Monday, February 5, 2018

EMPTY CHAIRS



Two empty chairs

Oh, they have been empty in the past. Anytime someone happened not to be sitting in them.

But this time is different.

For you see, they will never be occupied again; at least not by the original two who once filled them up.

I can still see my parents, Henry and Erma, seated in those matching recliners. Reading newspapers, or perhaps a National Geographic, or simply starring out onto their mobile home-side pond.

My dad loved that chair, or better put he loved what that chair afforded him.

Rest and relaxation. Information. For as I have implied, he gleaned his latest knowledge of the world here, as the result of television, or a favorite magazine. Discovery. For so often he would lift those ever-present binoculars, and gaze upon one or the other of “his” birds. And the gators which lolled their lives away upon the sandy beach below.

More than once, many times more than once, I showed up, unannounced, and  invaded his “inner sanctum;” only to discover him in the midst of an ethereal sleep. Which, as with us all, is prophetic of that slumber which must overtake each of us one day.

And always, and without fail, I would exclaim,

“Wake up, Daddy. They’ll be plenty of time for sleeping!”

And he would rouse himself; if only long enough to acknowledge my presence, and e’er too many moments elapsed

…well, you guessed it.

And my mother.

I think she occupied her matching recliner, more often than not, for the sake of a selfish agenda.

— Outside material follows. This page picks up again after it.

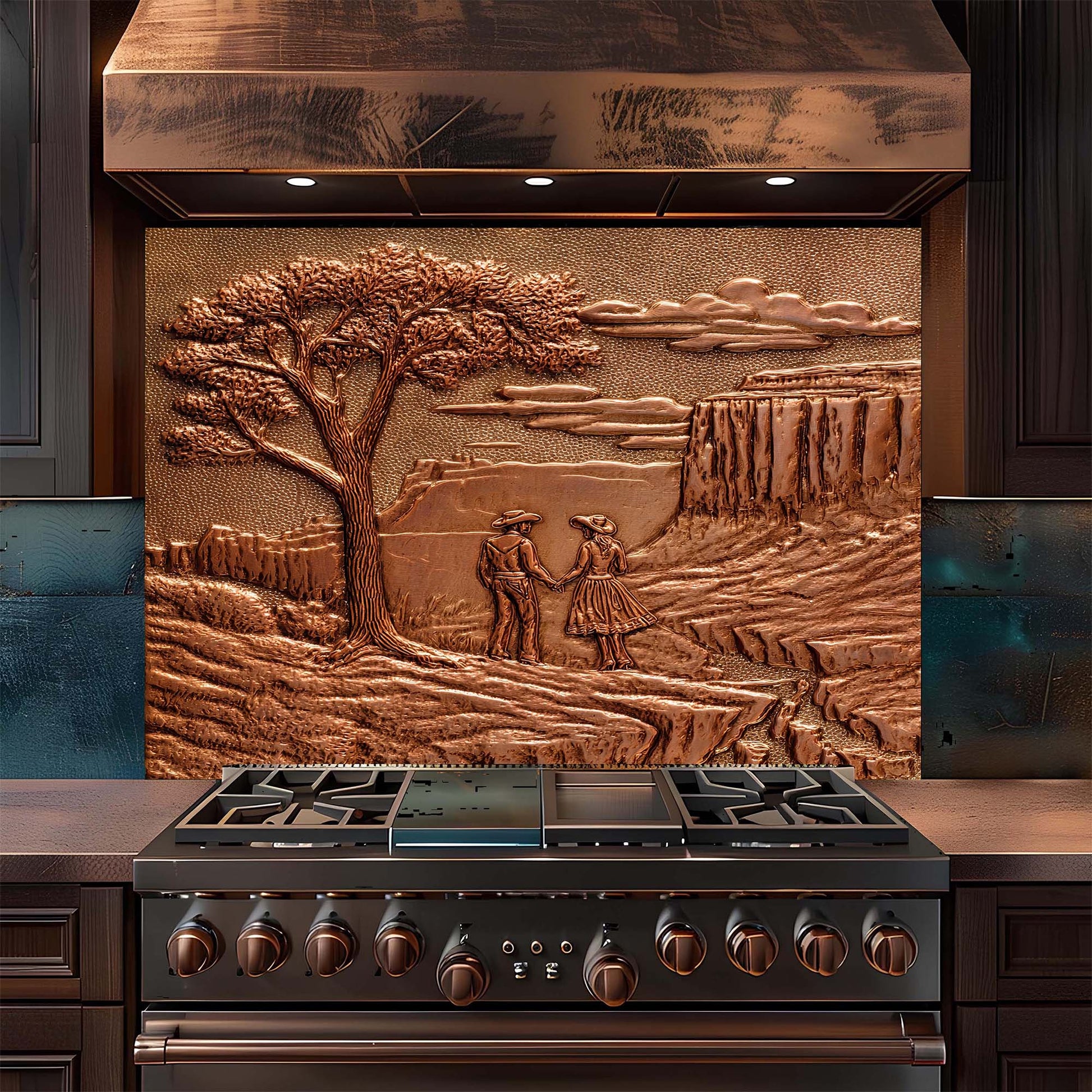 Stainless steel stove with decorative glass backsplash featuring a landscape scene.
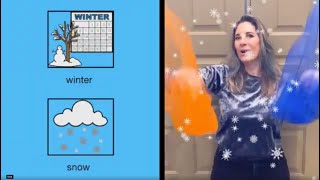 Winter Scarves Music amp Movement Song for kids with AAC UP DOWN AROUND MAKE COLD THROW CATCH [upl. by Nodnorb]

To simply dwell in the presence of the one to whom she had pledged herself; some six decades hence. For it was here that she experienced and enjoyed the presence of the man who had, long since, relinquished activity in favor of the sedentary. Oh, mama put up a good show of doing one thing or another, as she occupied her matching chair. But I think, I think, it was all about my dad. And the singleness of what took two to complete.

And now. Now the chairs are empty.

My wife has a photograph of her parents. It was taken at the lake home of their son. And in that poignant picture Doc and Ruby may be seen seated on the lakeside porch, facing one another, and engaged in a private conversation; known and meant only for themselves.

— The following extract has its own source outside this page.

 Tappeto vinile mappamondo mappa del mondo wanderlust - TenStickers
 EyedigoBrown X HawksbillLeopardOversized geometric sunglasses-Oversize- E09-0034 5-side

I can picture my own parents engaged in a similar exchange. But that one set of chairs have been exchanged for another. What the years stole from them has been restored, and in good measure.

Empty chairs. Not some cheap montage of wood and metal and fabric. But an almost spiritual place.

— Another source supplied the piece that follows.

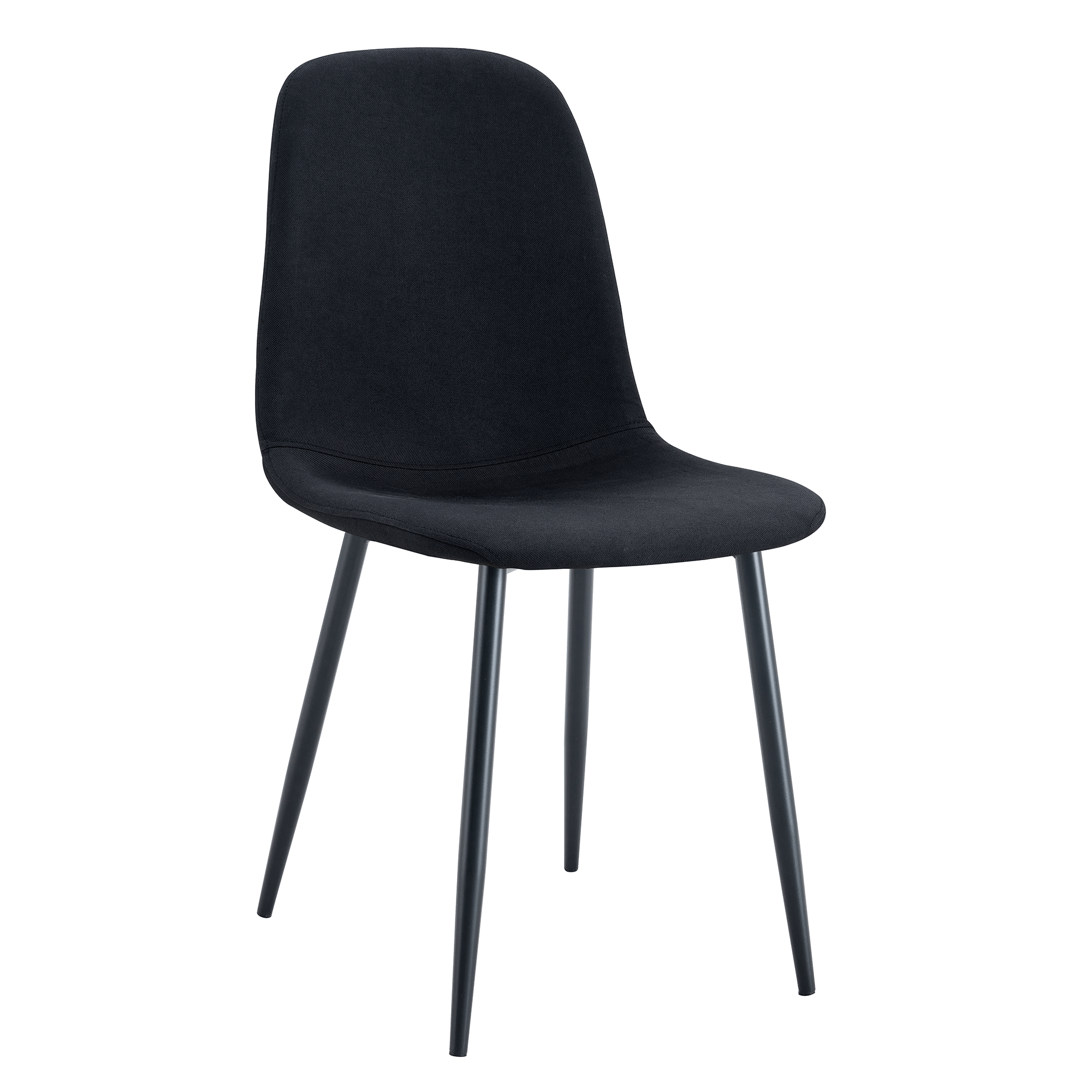 Luxury Simple Chair Black Linen Dining Chair  (Set of 4)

My father occupied his chair when, after his stroke and my mother’s subsequent inability to care for him, I made him aware it was time to submit himself to a nursing facility.

My mother sat in hers the last time we took her home for lunch, and the final occasion on which she saw her sisters; having been placed in that same facility.

It was in this room, and in these chairs my parents lived the most and best of their waning years. It was here that they did the things people do as they scratched out what joy still remained to them in their declining years. It was here from which they entertained family and friends, complained about the weather, boasted of a new great grandchild, worried for the fate of the nation, laughed about a childhood picture, remembered something from their youth, memorialized a lost comrade; expressed some hope for our futures.

It was from these chairs they spoke and laughed and lived and loved, and gleaned from the gradually shrinking world around them.

Empty Chairs.

Strange, how rich and full and almost complete an empty chair may seem.